### Activity
Every line containing "Orange" should be identified and copied from the data below.

### Records supplied
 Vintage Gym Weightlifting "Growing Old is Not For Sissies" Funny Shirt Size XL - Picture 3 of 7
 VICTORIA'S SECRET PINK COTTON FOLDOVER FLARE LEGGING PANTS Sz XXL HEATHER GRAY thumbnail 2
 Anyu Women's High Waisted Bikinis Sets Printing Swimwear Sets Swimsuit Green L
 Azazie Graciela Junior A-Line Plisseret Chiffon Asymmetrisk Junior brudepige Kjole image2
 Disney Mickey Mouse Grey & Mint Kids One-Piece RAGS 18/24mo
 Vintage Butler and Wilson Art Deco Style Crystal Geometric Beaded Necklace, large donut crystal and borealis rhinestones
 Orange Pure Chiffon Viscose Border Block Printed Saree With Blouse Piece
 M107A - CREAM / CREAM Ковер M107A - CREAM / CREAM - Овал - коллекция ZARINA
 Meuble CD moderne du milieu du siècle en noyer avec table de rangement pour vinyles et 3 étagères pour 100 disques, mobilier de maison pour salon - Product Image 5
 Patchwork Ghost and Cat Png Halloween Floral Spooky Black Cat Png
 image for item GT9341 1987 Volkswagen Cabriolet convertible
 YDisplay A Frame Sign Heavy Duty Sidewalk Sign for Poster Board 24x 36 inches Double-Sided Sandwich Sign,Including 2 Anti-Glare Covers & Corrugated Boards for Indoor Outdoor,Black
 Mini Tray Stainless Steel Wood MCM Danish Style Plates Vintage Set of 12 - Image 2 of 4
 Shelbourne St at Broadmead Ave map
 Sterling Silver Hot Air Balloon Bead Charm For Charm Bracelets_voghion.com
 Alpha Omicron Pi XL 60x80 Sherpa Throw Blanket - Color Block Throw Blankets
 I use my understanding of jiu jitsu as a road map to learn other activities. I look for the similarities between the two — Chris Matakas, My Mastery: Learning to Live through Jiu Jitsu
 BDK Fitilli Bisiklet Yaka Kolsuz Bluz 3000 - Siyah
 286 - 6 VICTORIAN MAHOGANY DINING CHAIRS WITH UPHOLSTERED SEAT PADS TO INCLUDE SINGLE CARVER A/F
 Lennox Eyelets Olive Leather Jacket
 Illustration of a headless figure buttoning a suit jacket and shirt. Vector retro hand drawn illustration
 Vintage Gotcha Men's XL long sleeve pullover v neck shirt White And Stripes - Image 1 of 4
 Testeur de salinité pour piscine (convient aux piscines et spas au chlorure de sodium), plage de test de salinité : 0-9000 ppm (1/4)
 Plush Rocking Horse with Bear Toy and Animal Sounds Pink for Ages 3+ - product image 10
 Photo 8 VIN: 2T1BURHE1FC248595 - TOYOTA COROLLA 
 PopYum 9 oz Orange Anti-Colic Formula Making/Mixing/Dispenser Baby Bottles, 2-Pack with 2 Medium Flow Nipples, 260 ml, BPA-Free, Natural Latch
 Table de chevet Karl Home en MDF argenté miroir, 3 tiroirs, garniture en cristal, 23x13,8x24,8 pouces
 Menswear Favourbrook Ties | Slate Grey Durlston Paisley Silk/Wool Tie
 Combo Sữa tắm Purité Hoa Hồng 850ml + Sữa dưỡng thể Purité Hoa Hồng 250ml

### Expected answer
 Orange Pure Chiffon Viscose Border Block Printed Saree With Blouse Piece
 PopYum 9 oz Orange Anti-Colic Formula Making/Mixing/Dispenser Baby Bottles, 2-Pack with 2 Medium Flow Nipples, 260 ml, BPA-Free, Natural Latch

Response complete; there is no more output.